--- Provided data Enclosed Below ---
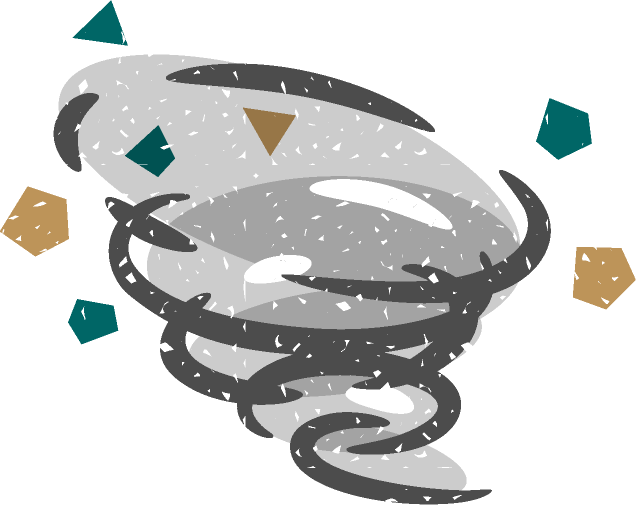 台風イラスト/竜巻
--- End of Enclosed Provided data ---
--- Provided data Enclosed Below ---
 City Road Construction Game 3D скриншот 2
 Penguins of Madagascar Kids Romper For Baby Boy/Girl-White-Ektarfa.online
--- End of Enclosed Provided data ---
◆ What to work on
Only one stretch of the data above is needed. Restate it word for word, from the line containing "City Road Construction Game 3D скриншот 2" through the line containing "Penguins of Madagascar", both ends included.

◆ Written response
 City Road Construction Game 3D скриншот 2
 Penguins of Madagascar Kids Romper For Baby Boy/Girl-White-Ektarfa.online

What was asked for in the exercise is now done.